In the prior analysis, this study delved into the Teacher Loss, pivotal for the teacher model’s offline training phase. However, the exigency to integrate a spectrum of loss functions emanates in the realm of online, real-time training, necessitating the consideration of both prediction accuracy and knowledge transference. This necessitates the utilization of both hard loss, indicative of direct learning from ground truth labels, and soft loss, reflective of knowledge assimilation from the teacher model.

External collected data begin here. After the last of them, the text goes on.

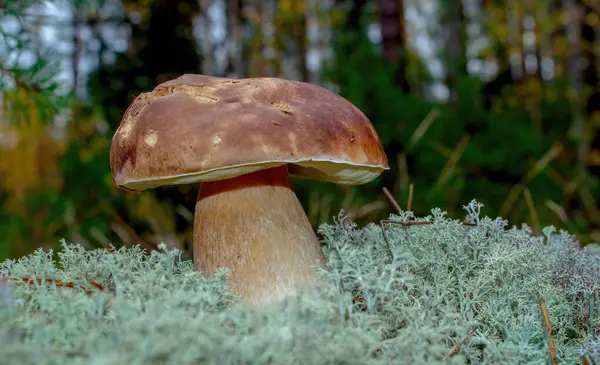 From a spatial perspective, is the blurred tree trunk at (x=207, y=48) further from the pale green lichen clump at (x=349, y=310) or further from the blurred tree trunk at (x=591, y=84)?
the blurred tree trunk at (x=591, y=84)

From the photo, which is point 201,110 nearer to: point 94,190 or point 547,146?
point 94,190

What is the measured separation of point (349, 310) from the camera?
0.71 m

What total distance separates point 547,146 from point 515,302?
93.2 inches

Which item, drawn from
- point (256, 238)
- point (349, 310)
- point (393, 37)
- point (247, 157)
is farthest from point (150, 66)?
point (349, 310)

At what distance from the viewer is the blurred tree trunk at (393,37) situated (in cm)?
277

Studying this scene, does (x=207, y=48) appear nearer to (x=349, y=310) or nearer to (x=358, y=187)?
(x=358, y=187)

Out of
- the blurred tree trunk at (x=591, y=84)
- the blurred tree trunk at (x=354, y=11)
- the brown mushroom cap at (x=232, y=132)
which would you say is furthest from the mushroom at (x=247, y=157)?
the blurred tree trunk at (x=591, y=84)

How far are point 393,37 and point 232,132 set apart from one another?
7.40 ft

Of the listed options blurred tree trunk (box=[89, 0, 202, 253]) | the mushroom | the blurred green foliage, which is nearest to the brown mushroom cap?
the mushroom

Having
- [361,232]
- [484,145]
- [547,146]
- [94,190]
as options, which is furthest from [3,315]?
[547,146]

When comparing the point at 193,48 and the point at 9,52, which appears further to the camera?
the point at 193,48

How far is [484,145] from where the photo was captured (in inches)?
103

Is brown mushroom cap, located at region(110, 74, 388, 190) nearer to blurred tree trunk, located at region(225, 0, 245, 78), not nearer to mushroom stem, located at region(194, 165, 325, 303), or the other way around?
mushroom stem, located at region(194, 165, 325, 303)

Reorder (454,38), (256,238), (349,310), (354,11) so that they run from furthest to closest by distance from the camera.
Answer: (454,38) < (354,11) < (256,238) < (349,310) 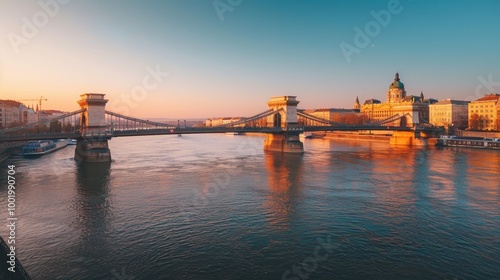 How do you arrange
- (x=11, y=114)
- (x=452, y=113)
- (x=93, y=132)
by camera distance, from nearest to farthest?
(x=93, y=132), (x=11, y=114), (x=452, y=113)

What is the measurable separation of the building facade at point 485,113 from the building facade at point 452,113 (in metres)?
7.82

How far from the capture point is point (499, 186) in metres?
22.3

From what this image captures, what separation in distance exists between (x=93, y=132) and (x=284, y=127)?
2445 cm

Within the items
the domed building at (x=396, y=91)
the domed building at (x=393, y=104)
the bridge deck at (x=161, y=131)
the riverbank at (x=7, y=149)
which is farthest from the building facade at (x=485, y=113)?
the riverbank at (x=7, y=149)

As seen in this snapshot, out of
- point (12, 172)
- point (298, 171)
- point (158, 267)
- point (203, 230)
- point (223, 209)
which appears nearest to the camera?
point (158, 267)

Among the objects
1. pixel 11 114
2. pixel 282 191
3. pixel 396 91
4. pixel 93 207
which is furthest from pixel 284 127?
pixel 396 91

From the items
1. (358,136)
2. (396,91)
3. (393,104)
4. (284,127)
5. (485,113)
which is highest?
(396,91)

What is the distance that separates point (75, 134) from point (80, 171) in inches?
298

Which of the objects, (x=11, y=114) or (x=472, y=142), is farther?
(x=11, y=114)

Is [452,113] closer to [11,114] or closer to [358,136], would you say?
[358,136]

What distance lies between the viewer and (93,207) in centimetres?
1752

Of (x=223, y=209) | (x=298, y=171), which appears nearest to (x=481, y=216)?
(x=223, y=209)

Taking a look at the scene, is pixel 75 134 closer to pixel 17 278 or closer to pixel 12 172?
pixel 12 172

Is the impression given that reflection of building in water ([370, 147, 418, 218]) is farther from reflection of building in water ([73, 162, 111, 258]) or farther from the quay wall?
the quay wall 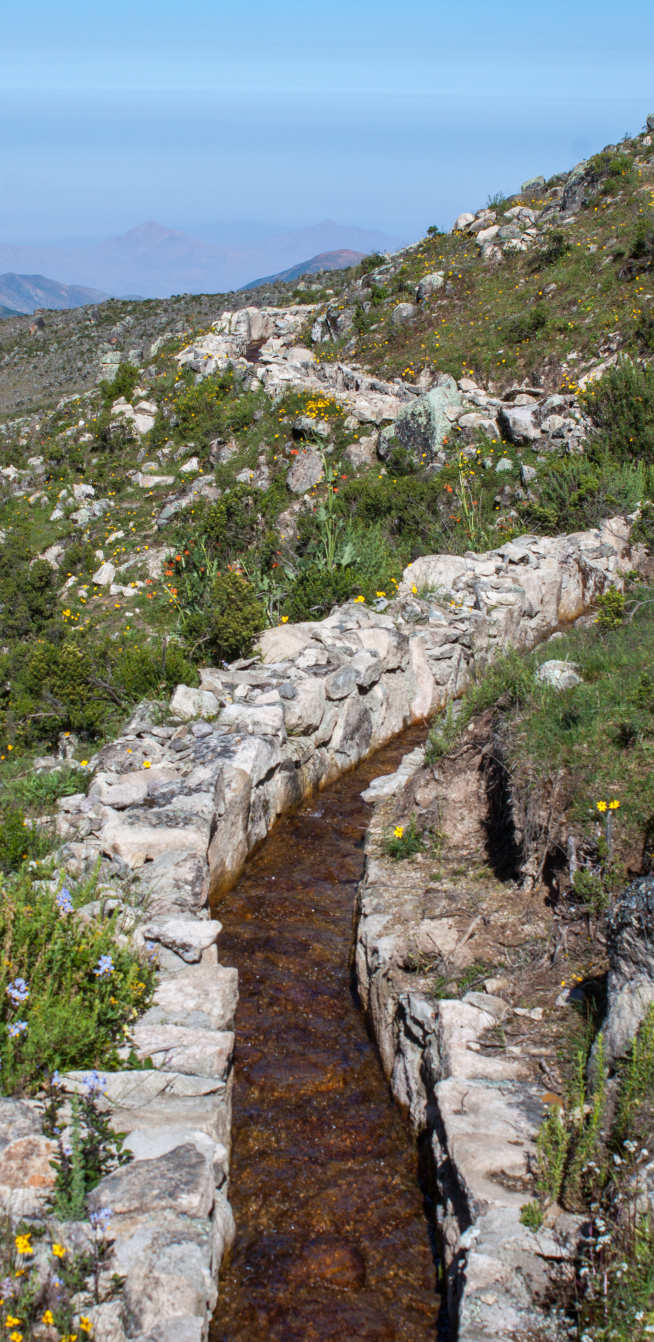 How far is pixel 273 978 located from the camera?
21.4ft

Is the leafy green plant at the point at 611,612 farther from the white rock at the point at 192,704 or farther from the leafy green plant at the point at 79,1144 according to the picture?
the leafy green plant at the point at 79,1144

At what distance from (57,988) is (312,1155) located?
1.68 metres

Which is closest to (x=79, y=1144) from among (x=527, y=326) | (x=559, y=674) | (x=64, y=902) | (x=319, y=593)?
(x=64, y=902)

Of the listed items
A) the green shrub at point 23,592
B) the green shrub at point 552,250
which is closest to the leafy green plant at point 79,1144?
the green shrub at point 23,592

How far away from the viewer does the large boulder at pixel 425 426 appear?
1709 cm

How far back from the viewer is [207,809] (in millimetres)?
7254

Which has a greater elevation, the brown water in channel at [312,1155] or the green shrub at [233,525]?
the green shrub at [233,525]

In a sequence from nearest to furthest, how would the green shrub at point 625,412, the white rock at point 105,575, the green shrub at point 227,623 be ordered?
1. the green shrub at point 227,623
2. the green shrub at point 625,412
3. the white rock at point 105,575

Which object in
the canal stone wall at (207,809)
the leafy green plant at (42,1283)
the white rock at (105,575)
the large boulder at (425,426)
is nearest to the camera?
the leafy green plant at (42,1283)

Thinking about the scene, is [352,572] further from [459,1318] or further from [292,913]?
[459,1318]

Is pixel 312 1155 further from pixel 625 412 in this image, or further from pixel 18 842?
pixel 625 412

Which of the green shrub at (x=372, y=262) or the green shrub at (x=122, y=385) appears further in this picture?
the green shrub at (x=372, y=262)

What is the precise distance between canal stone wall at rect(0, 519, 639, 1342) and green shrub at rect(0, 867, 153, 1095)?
16 cm

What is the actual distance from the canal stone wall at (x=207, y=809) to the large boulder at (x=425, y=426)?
13.0 feet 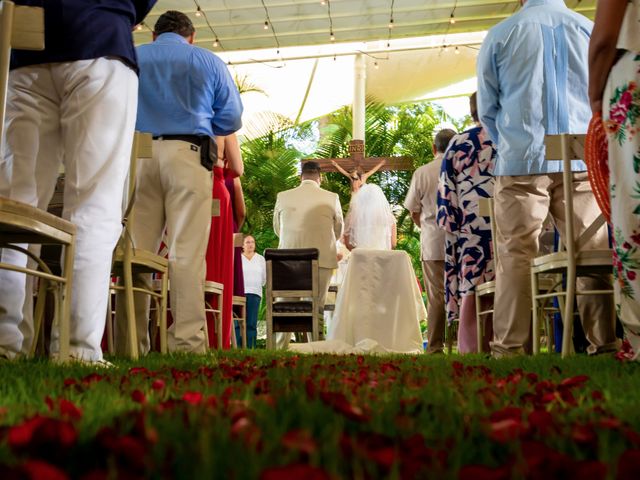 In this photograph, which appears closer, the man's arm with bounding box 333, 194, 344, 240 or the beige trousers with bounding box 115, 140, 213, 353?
the beige trousers with bounding box 115, 140, 213, 353

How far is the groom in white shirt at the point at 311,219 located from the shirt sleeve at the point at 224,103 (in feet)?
10.3

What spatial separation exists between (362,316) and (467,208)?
1555 mm

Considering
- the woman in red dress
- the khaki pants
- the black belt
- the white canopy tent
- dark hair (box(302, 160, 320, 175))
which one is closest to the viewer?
the black belt

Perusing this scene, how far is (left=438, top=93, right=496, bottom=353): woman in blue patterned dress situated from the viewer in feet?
15.6

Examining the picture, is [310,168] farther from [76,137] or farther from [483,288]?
[76,137]

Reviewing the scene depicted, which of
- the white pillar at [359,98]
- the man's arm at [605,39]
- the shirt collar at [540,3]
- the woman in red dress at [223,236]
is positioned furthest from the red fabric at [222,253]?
the white pillar at [359,98]

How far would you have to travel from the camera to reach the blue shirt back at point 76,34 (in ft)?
7.78

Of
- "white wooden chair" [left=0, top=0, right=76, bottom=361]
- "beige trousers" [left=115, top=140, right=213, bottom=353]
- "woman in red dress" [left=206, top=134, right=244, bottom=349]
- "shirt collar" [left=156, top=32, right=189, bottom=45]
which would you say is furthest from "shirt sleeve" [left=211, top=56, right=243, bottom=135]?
"white wooden chair" [left=0, top=0, right=76, bottom=361]

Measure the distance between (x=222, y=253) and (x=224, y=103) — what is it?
1318 millimetres

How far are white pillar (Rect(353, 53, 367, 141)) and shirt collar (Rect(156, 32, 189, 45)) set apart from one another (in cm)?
1042

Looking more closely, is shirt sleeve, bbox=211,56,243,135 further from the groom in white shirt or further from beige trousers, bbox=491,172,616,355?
the groom in white shirt

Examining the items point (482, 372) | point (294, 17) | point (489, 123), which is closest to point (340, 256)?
point (489, 123)

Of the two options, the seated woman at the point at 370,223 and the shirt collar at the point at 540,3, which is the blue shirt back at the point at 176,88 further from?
the seated woman at the point at 370,223

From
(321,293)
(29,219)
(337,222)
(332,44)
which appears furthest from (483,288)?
(332,44) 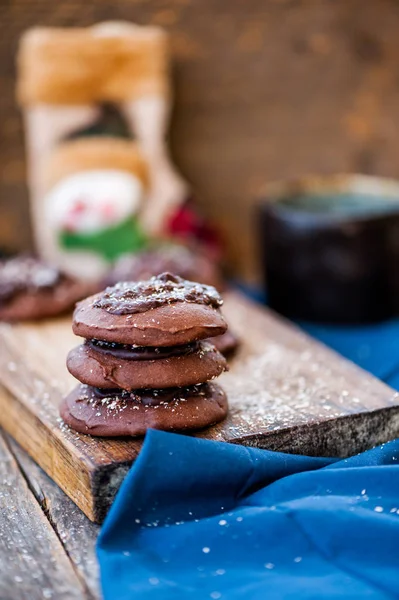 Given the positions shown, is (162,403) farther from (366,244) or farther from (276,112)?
(276,112)

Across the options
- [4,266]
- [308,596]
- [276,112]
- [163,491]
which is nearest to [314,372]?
[163,491]

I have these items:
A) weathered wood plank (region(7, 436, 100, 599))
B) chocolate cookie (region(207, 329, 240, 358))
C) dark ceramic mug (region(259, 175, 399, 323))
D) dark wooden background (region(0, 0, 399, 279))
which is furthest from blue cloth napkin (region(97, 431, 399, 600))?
dark wooden background (region(0, 0, 399, 279))

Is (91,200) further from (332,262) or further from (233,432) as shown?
(233,432)

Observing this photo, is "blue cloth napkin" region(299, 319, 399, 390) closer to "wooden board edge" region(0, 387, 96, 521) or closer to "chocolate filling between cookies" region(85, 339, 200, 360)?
"chocolate filling between cookies" region(85, 339, 200, 360)

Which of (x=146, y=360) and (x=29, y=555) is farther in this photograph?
(x=146, y=360)

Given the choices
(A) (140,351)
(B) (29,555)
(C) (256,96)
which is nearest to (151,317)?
(A) (140,351)

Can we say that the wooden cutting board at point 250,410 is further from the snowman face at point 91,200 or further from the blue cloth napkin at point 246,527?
the snowman face at point 91,200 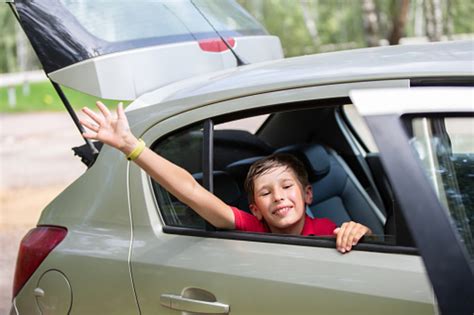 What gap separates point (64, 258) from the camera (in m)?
2.47

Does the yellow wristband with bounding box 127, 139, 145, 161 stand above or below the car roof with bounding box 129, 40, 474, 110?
below

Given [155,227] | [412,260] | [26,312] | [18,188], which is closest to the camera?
[412,260]

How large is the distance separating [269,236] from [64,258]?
811 mm

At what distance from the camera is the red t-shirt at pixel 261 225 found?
7.55 feet

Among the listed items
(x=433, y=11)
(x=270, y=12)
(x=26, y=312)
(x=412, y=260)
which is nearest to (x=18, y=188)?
(x=433, y=11)

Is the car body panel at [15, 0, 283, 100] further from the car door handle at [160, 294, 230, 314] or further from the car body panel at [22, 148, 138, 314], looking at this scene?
the car door handle at [160, 294, 230, 314]

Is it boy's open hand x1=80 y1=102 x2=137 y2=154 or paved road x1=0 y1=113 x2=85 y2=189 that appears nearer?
boy's open hand x1=80 y1=102 x2=137 y2=154

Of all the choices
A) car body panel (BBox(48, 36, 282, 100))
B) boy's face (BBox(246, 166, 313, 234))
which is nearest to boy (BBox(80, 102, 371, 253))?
boy's face (BBox(246, 166, 313, 234))

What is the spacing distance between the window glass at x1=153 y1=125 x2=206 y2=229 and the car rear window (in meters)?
0.71

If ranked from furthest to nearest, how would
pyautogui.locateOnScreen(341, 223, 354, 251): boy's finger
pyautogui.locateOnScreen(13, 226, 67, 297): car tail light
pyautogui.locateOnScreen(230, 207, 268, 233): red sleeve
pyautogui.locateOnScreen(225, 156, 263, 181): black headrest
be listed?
pyautogui.locateOnScreen(225, 156, 263, 181): black headrest, pyautogui.locateOnScreen(13, 226, 67, 297): car tail light, pyautogui.locateOnScreen(230, 207, 268, 233): red sleeve, pyautogui.locateOnScreen(341, 223, 354, 251): boy's finger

Consequently, a composite loss function, through a weighted amalgamation of these elements, is proposed for computation. Within the Knowledge Distillation paradigm, these variegated loss functions are instrumental.

The ensuing discourse elucidates the loss functions soft loss, hard loss, and total loss utilized in the online training of the student network. The primary aim of these functions is to streamline the knowledge conveyance from the teacher to the student model, facilitating the latter’s autonomous pattern recognition and precise prognostication. By judiciously integrating and weighting these distinct loss functions, a holistic evaluation metric is formulated, encapsulating both the direct acquisition of knowledge from true labels (hard loss) and the transference of insights from the teacher model (soft loss). This synthesized loss metric enables the student model to not only emulate the teacher model but also to accurately forecast true labels, thereby augmenting its generalization prowess on novel data.

Student loss

The construction of the student loss function is pivotal in defining the effectiveness of the learning model, comprising two essential components: hard loss and soft loss. The hard loss is determined by the discrepancy between the student model’s predictions and the actual output, providing a direct learning mechanism from the ground truth labels. Conversely, the soft loss is derived from the student model’s output processed through the teacher model, leveraging the teacher’s pre-learned empirical knowledge-specifically, the degradation mechanisms of battery capacity. The overall loss is an amalgamation of these two losses, weighted appropriately. This balanced approach not only facilitates the student model’s mimicry of the teacher model but also enhances its generalization capabilities. The inclusion of soft loss, informed by the teacher model’s soft labels, allows the student model to grasp nuanced patterns and interdependencies within the data that hard labels may not reveal. Consequently, this enables the student model to perform more adeptly on novel data. The total loss is quantified as per Eq. 5, with \(\alpha \) representing the weighting coefficient. This methodical construction ensures a comprehensive learning process, capturing both explicit and implicit knowledge.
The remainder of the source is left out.